BY JULIE FARREN
In just under a decade, Culinary Arts program students in Beaumont have created countless food presentations for the Friday night football games, Rotary, senior citizen lunches and Career Technical Education showcases.
The popular program has flourished under Ross Carter, who founded Beaumont High School’s Culinary Arts program in 2010.
Carter has departed Beaumont Unified School District to pursue other career ventures.
His last day was March 20.
He received the OK from the school district to leave two months before school ends because his wife, Thatcher Carter, is an English professor at Riverside Community College and is spending three months in Spain with 16 of her students and another professor to study abroad.
Carter, who was employed at the high school and also by Riverside County Office of Education, requested the time off a year ago so he could join his wife on the trip.
The Culinary Arts program is focused on 11th- and 12th-graders so they can learn cooking and catering.
Carter taught four cooking courses and a catering class at the high school.
He was a Beaumont High School teacher for nine years.
Carter has been proud of his students over the past nine years and said two of them have gone to cooking schools. He said that he will miss the work and his students. “It’s really bittersweet,” Carter said.
Nicole Calderilla, who teaches sports medicine and emergency medical responder classes at Beaumont High School, will succeed Carter as the CTE department chairwoman. Calderilla had been partnering with Carter since January, transitioning into her new role.
Calderilla is also employed by RCOE. She teaches several classes at the high school, and looks forward to her new role as CTE department chair.
“I’m excited just to be more involved and really make sure that CTE and the department members have a voice,” Calderilla said.
She also was curriculum chairwoman for the sports medicine department at RCOE for a year.
The Career Technical Education department is an opportunity for students to get a head start on college and careers through courses that offer life skills such as math, science and writing, leading to jobs such as chefs, restaurateurs, food scientists and cooks.
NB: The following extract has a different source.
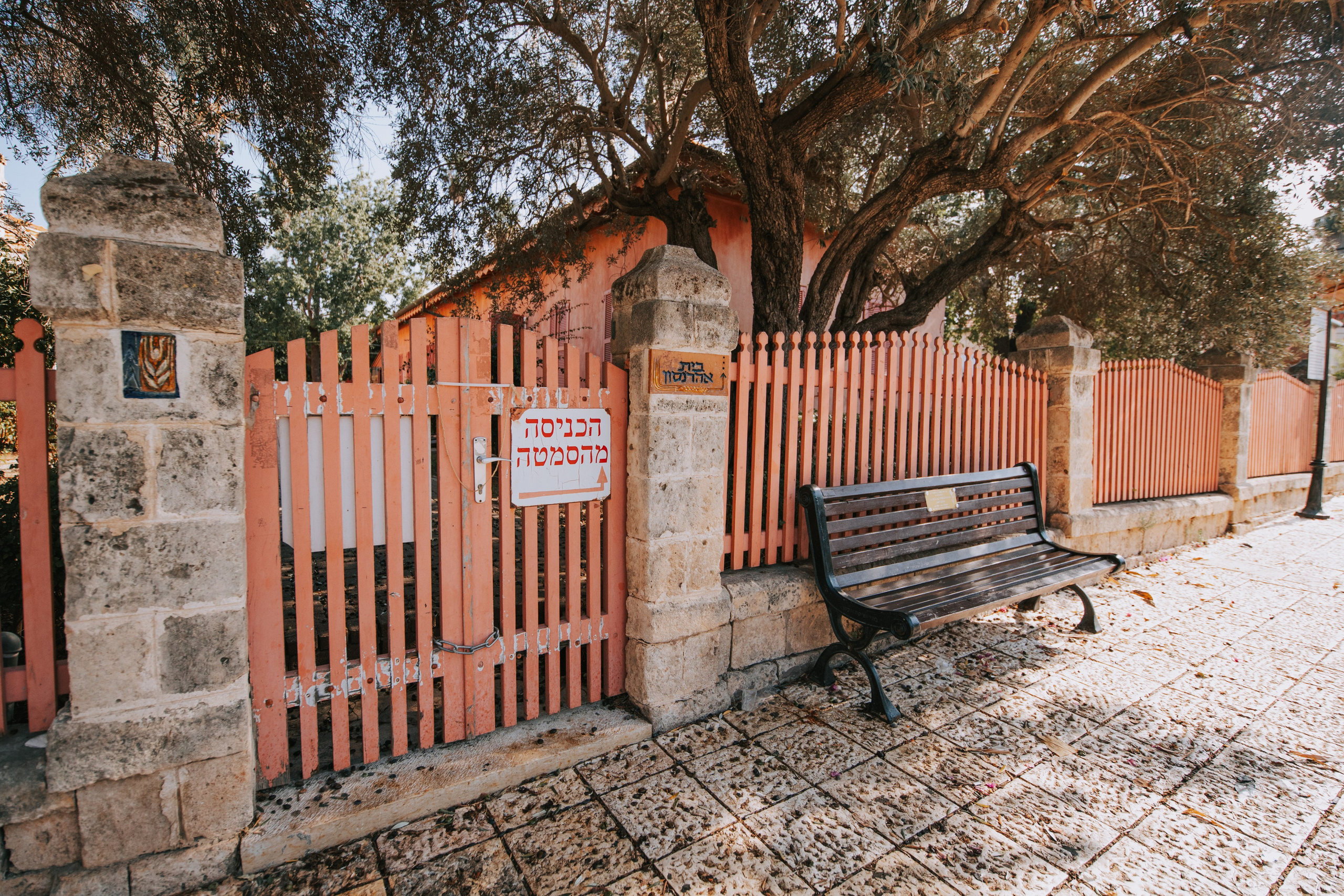 זרעי גדרה — SYNGENTA. AMIR BUCHNIK PHOTOGRAPHER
CTE held a showcase at the end of February at Beaumont High School, offering students an opportunity to view different careers such as medical technology, engineering, arts, media and entertainment, business and finance, and hospitality, among others.
This school year, more than 1,000 Beaumont High students enrolled in career technical pathways.
“These classes are really important for students not only to find out whether they’re interested in a career, but also to find out whether they’re not interested in a career,” said Christine Gonzales, medical technology instructor at Beaumont High.
Students from San Gorgonio Middle School and Mountain View Middle School traveled to the high school to learn about the different career paths.